The study would also evaluate the agency's handling of the growing losses among big credit union failures.
The bill, passed Thursday, would require the congressional accounting arm to determine the reasons for all corporate failures since 2008 and the adequacy of the NCUA's response.
The expected evaluation would also review the ability of insured credit unions to pay for the projected $16 billion price of the bailout and whether the program exposes taxpayers to any potential liability.
The legislation would also direct the GAO to study whether the NCUA has properly implemented recommendations made by its Office of Inspector General the past two years on reviews of 10 big credit union failures.
The study would be sent to the Senate Banking Committee, the House Financial Services Committee and the Financial Stability Oversight Council.
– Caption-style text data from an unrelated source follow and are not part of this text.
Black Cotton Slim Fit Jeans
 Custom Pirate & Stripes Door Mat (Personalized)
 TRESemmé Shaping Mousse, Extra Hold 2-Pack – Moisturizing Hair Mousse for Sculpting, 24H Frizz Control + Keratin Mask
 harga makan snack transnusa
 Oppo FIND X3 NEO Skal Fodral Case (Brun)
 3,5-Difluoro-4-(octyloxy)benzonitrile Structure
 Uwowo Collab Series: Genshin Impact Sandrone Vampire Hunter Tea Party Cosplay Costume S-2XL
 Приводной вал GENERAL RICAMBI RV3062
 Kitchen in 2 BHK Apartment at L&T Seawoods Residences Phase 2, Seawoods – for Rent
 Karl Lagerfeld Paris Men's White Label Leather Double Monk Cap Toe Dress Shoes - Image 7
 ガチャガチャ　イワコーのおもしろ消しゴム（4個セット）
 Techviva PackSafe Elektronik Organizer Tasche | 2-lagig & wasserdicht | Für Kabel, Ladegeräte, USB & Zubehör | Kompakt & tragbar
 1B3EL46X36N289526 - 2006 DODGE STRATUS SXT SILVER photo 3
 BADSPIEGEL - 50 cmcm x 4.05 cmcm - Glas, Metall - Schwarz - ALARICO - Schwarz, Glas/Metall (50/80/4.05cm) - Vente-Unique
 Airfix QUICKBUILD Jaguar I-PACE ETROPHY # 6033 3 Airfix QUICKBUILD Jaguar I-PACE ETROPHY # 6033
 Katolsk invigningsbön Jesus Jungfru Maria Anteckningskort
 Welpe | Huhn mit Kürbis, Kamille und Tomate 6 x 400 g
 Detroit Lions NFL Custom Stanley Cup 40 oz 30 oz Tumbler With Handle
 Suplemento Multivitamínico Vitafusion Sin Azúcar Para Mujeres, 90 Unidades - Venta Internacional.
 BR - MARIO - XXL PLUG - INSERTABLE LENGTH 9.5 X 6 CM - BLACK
Passage of the Senate bill came a week after the Senate Banking Committee held hearings on the corporate bailout. The hearings featured Debbie Matz, the NCUA's chairman.
Matz used the hearing to call on Congress for extraordinary new powers that would extend the statute of limitations on charging officers and directors of failed credit unions to as long as 10 years.
The bill includes several technical corrections sought by the NCUA, such as a provision that would allow credit unions that acquire troubled credit unions to count emergency Section 208 assistance from the NCUA in their net worth after the merger.
The bill would allow the NCUA to pay out funds from the corporate bailout fund without borrowing from the Treasury Department.